Todos sabiam que Jorge Manuel era muito macho. E podia perder facilmente as estribeiras ante uma bicha atrevidinha que não soubesse seu lugar. Ao abaixar a cabeça para reler o bilhete e tentar identificar a caligrafia, seus olhos resvalaram acidentalmente para o lado da Marilda. Ela estava de olhar grudado nele, sobrancelhas arregaladas, uma careta de expectativa riscada na carinha feiosa. Jorge Manuel engoliu em seco. Sentiu os lábios se crisparem.
Se esta história não se destinasse a ser sucinta, se poderia até mesmo discorrer um pouco mais sobre a igualmente desastrosa ministração do ensino superior aos seres do sexo frágil.
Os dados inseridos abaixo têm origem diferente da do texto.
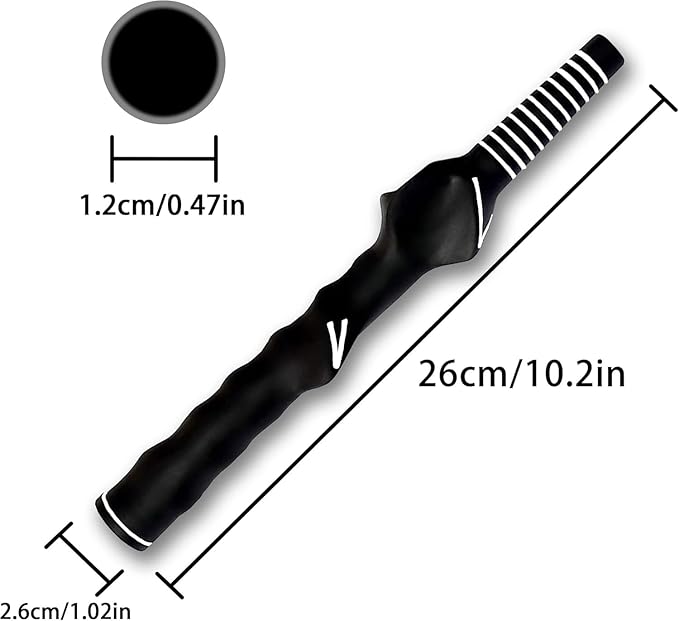 1Pcs Golf Grip Trainer for Improving Hand Positioning | Lightweight Golf Swing Trainer | Molded Anti-Slip Wrist Trainer | Black | Right Hand / Left Hand |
Como hoje é do conhecimento público, a maioria das mulheres desempenharia muito melhor seu papel de procriadoras se tivéssemos limitado sua literalidade aos fundamentos da leitura e da escrita, apenas o suficiente para poderem se virar no supermercado, na cozinha e na hora de ligar a tevê.
Não pudera refletir com mais tranquilidade sobre as ditas antes de chegar à idade adulta, quando descobrira-se capaz de rememorar espontaneamente o passado e determinar – ou tentar, ao menos – o que a vida fizera dele afinal. Para seu assombro, concluíra que lhe provocavam não apenas a perturbação mais ou menos esperada, mas também um horror confusamente maléfico.
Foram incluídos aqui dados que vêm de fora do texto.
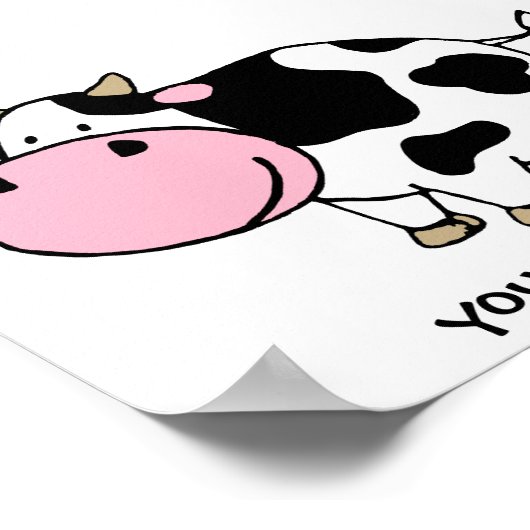 牛 ポスター (角)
Pensou uns dois ou três segundos, amassou o papel na palma da mão, fez uma bolota e a arremessou na cara da moça. As feições de Marilda de repente pareceram prestes a derreter, escorrendo sob a lei da humilhação. Duas lágrimas rolaram pelas bochechas chupadas. Era só o que me faltava, Jorge Manuel escarneceu mentalmente. Quem gosta de canhão é a artilharia do Exército.
Se, todavia, quisermos ser minimamente francos, devemos admitir que assim é que é bom. Naturalmente não vamos negar que parte da jovial provocação acima tem o propósito de sacudir um pouco de poeira, i.e., todos sabemos que o fardo é pesado tanto para as mulheres quanto para os homens (e, já que entramos no assunto, sobretudo se um desses homens for branco, baixinho, barrigudo e confuso e se pelar de paúra de mulheres feito o nosso amigo Irineu).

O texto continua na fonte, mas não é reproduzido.